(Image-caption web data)

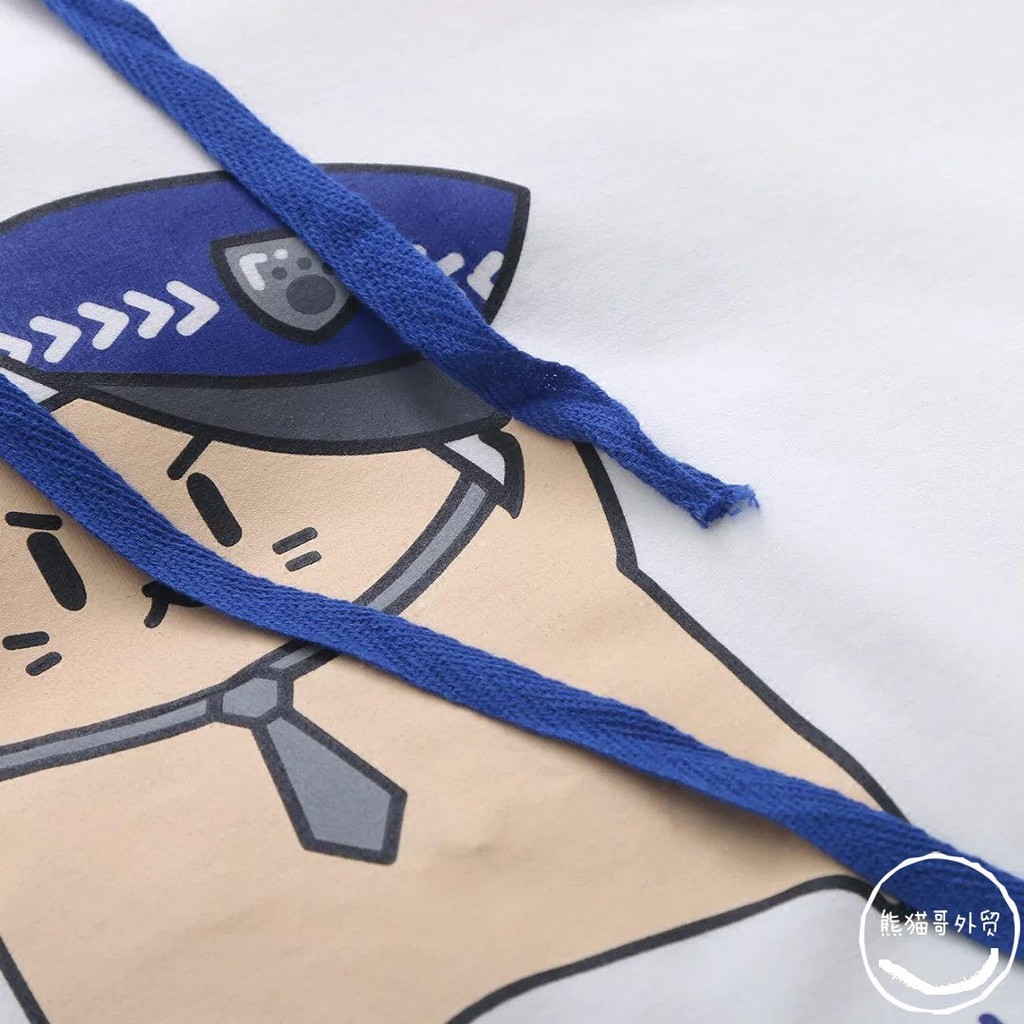 Áo Hoodie Ngắn Tay In Họa Tiết Hoạt Hình Xinh Xắn | BigBuy360 - bigbuy360.vn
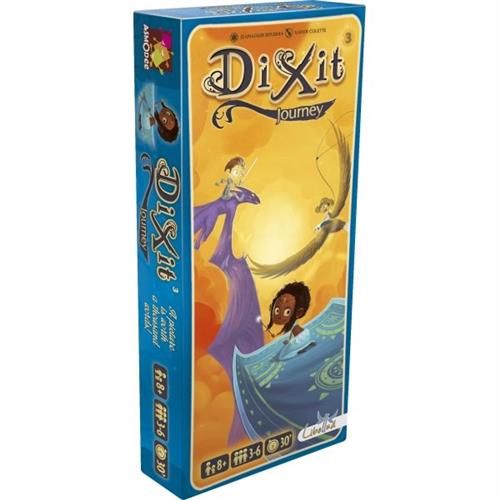 DIXIT 3 משחק הרחבה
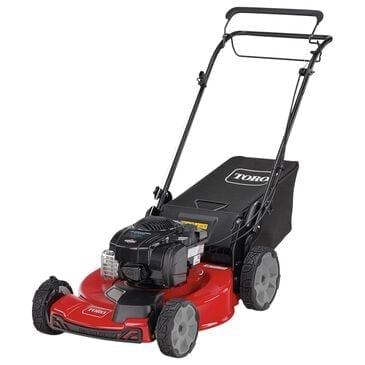 Toro 22" High Wheel Gas-Powered Self-Propelled Lawn Mower, , large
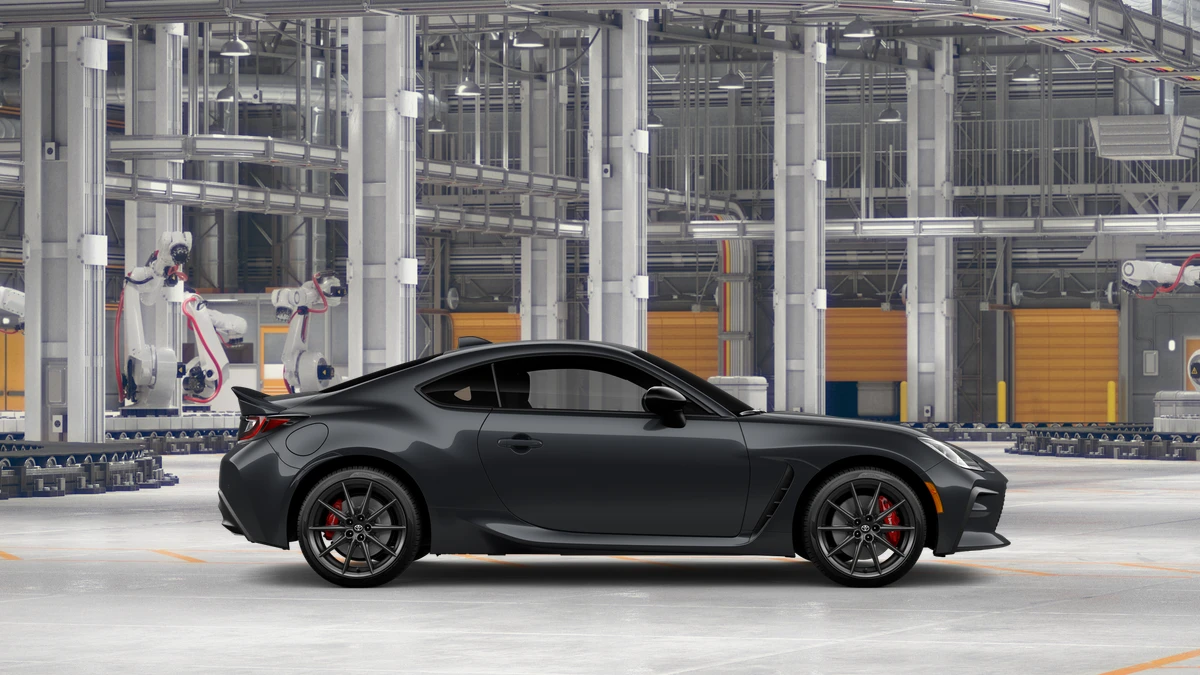 2027 Toyota GR86 2nd Gen - Image 11 of 21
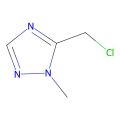 5-氯甲基-1-甲基-1H-[1，2，4]噻唑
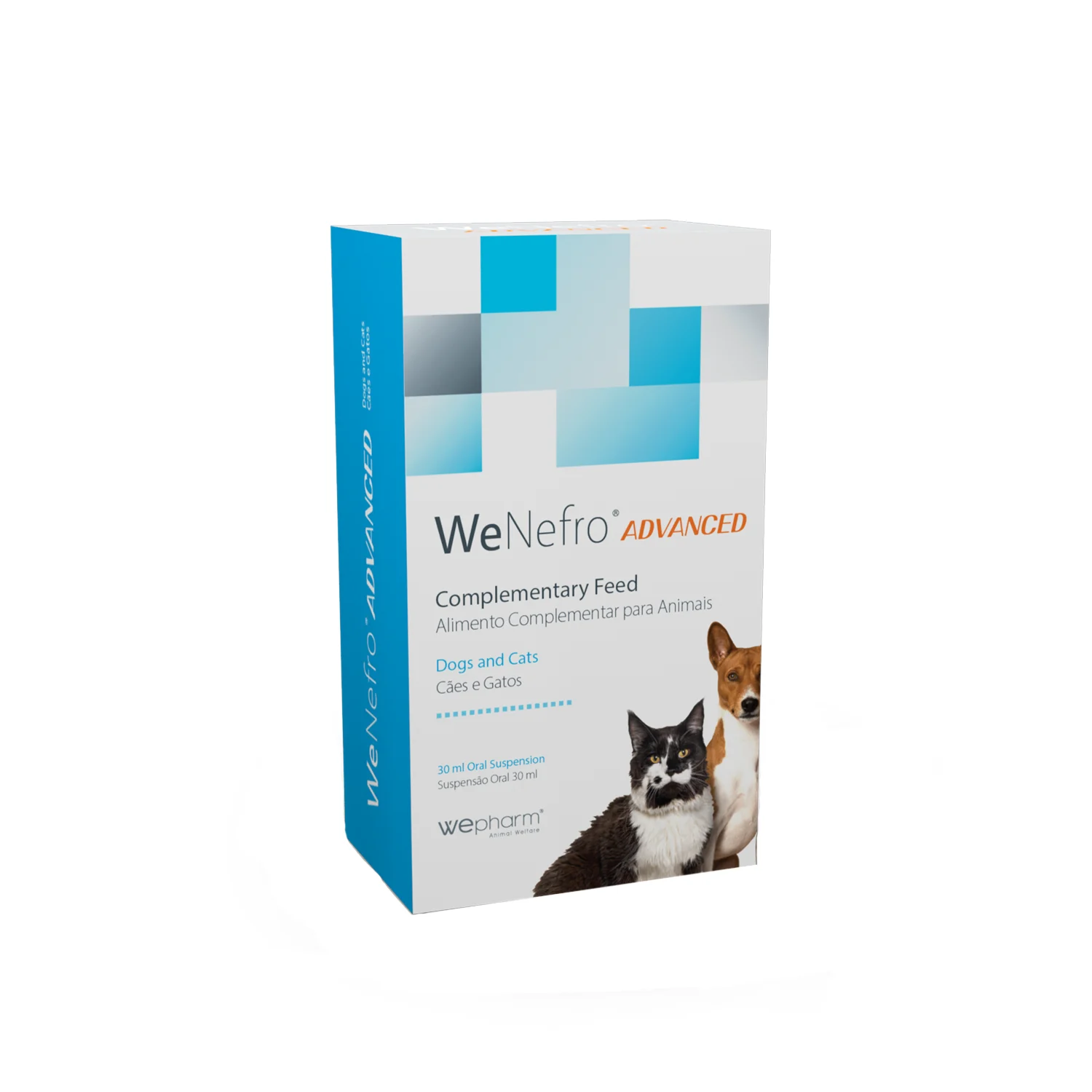 Wepharm WeNefro Advanced Suspension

• WHAT YOU SHOULD DO: Reproduce, with no pictures, the lines from the one containing "Mower, , large" to the end of the records above, exactly and inclusively.

• EXERCISE OUTPUT:
 Toro 22" High Wheel Gas-Powered Self-Propelled Lawn Mower, , large
 2027 Toyota GR86 2nd Gen - Image 11 of 21
 5-氯甲基-1-甲基-1H-[1，2，4]噻唑
 Wepharm WeNefro Advanced Suspension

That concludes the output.